§ The problem: Locate the line that contains "เสื้อแจ็กเก็ตเบสบอล ผ้าฟลีซ แบบหนา". Copy it and every following line through the end of the records, exactly, and include nothing else.

━━ Available records ━━

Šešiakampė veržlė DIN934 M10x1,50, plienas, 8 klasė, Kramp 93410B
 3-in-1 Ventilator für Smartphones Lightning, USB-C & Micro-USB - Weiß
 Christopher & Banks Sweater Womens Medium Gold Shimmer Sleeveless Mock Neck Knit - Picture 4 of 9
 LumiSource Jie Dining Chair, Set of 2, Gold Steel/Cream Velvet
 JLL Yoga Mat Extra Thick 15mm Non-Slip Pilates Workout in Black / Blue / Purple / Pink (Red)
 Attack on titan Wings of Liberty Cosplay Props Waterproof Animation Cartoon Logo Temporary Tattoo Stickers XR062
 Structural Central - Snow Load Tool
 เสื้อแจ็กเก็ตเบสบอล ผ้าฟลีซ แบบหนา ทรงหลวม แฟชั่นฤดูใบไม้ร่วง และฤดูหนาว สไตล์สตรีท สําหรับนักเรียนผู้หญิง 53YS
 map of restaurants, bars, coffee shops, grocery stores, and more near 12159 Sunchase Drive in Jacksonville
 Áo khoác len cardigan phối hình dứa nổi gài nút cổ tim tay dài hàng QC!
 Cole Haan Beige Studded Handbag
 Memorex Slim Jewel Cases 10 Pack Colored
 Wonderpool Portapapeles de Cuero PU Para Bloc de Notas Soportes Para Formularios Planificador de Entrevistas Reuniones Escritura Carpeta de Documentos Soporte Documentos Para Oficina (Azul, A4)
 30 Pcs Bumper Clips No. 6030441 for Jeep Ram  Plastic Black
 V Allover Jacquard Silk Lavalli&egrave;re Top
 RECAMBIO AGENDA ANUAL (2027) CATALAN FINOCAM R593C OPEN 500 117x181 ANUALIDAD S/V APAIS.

━━━

§ Exercise result:
 เสื้อแจ็กเก็ตเบสบอล ผ้าฟลีซ แบบหนา ทรงหลวม แฟชั่นฤดูใบไม้ร่วง และฤดูหนาว สไตล์สตรีท สําหรับนักเรียนผู้หญิง 53YS
 map of restaurants, bars, coffee shops, grocery stores, and more near 12159 Sunchase Drive in Jacksonville
 Áo khoác len cardigan phối hình dứa nổi gài nút cổ tim tay dài hàng QC!
 Cole Haan Beige Studded Handbag
 Memorex Slim Jewel Cases 10 Pack Colored
 Wonderpool Portapapeles de Cuero PU Para Bloc de Notas Soportes Para Formularios Planificador de Entrevistas Reuniones Escritura Carpeta de Documentos Soporte Documentos Para Oficina (Azul, A4)
 30 Pcs Bumper Clips No. 6030441 for Jeep Ram  Plastic Black
 V Allover Jacquard Silk Lavalli&egrave;re Top
 RECAMBIO AGENDA ANUAL (2027) CATALAN FINOCAM R593C OPEN 500 117x181 ANUALIDAD S/V APAIS.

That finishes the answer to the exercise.